Baseball, Perez believes, can hold a certain type of adult in its sway, and make their nostalgia curdle into something almost poisonous. These collectors, as he sees it, long for the past, and the sport they loved as a child. And so they spend a fortune on the poetic, the ineffable, only to find themselves further and further from what they seek; in trying to turn their memories into possessions, they cheapen both. At an auction for a Ty Cobb painting he’d done, the runner-up found Perez. “I want you to do an exact piece as the guy who won, but I want it bigger,” the man told the artist. “And I don’t care what you want for it.”
Perez refused to be part of the man’s “vengeance.”
“They talk in terms of, ‘I won your piece,’” Perez says. “You didn’t win my piece, you bought my piece. You paid a lot of money for it. Or ‘I lost.’…And then they use it like a type of stock market. They sell it and buy it and sell it.” At 82, the kid in the candy store is tired of the business. He still does commissions and his own work. He doesn’t have to, “but you can’t not do it.” It’s who he is.
But if Perez’s affection for baseball cards, now in another boom market, has waned, his influence has not. Hackler says that Perez’s art has a very clear legacy and lineage in the contemporary card scene. “There are a lot of modern products,” he says, “straight artistic-inspired sets, that were inspired obviously from the Diamond Kings model.” The card company Panini America, which bought Donruss in 2009, has revived it with Court Kings, Gridiron Kings, and Diamond Kings.

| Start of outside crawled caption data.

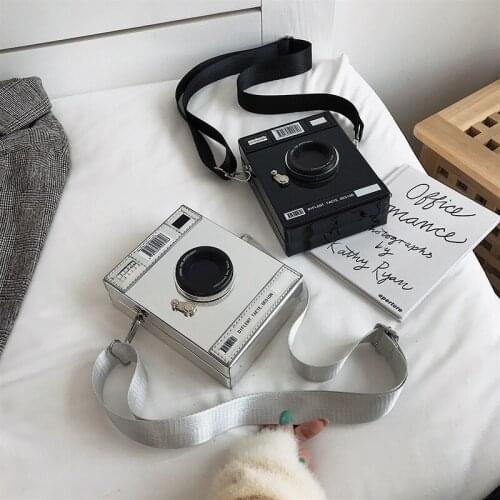 Ladies Fashion Retro Camera Cool Chain Messenger Hand Bag Casual Clip Buckle Shopping Mobile Phone Change Shoulder Wallet Purses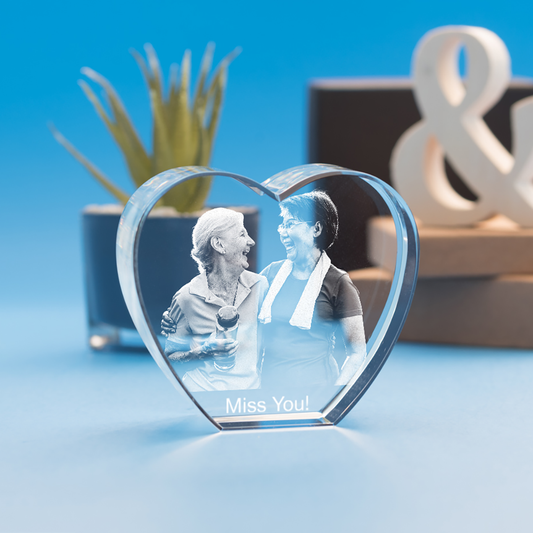 3D Crystal Heart, Laser Engraved Block, Picture Etched Glass - 3D Laser  Gifts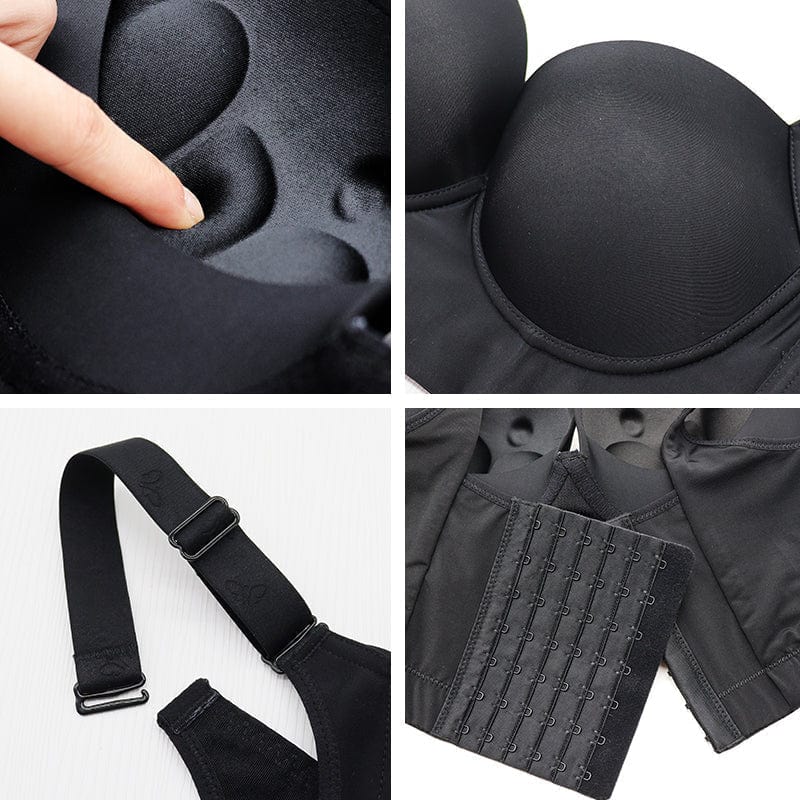 Details of Black "Hide Back Fat" Push Up Bra Shapewear Bralette FallSweet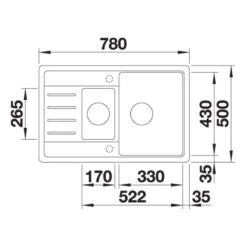 Blanco Legra 6 S Compact Silgranit 1.5 Bowl Inset Reversible Kitchen Sink - Soft White - 527087 -Home Kitchen blanco 527087 dimensions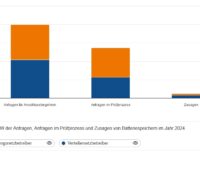 Ein Balkendiagramm zeigt die Leistung in Gigawatt für Stromnetz-Anschlussanfragen und Netzanschlusszusagen für Batteriespeicher in Deutschland im Jahr 2024.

Even today, as the industry experiences robust growth in collecting—and speculation—to rival that of the 1990’s, Hackler says that beauty still matters. “It’s about nostalgia and appealing to your sense of art appreciation, and the way that art accentuates the player,” he said. “There are a lot of categories that dictate a purchase or collecting decision other than money. Diamond Kings is the poster concept for that emotion.”
Perez may have been the bridge between the card business now and its more playful past, but he knows where he stands. The legacy of Diamond Kings, he says, is “incredible.” It was built before kids questioned a card’s investment value or preemptively sheathed it in hard plastic to protect their investment. Actual art created for the most common and craven of commercial reasons—to differentiate a then-struggling card company from its competition—has withstood the volatility of collectors’ whims and lodged itself in the memories of former kids and the work of established artists alike.
Perez gets autograph requests four to five times a week through his website, he says. “I don’t get as (much) feedback or anything from the art postcards as I do with Diamond Kings.”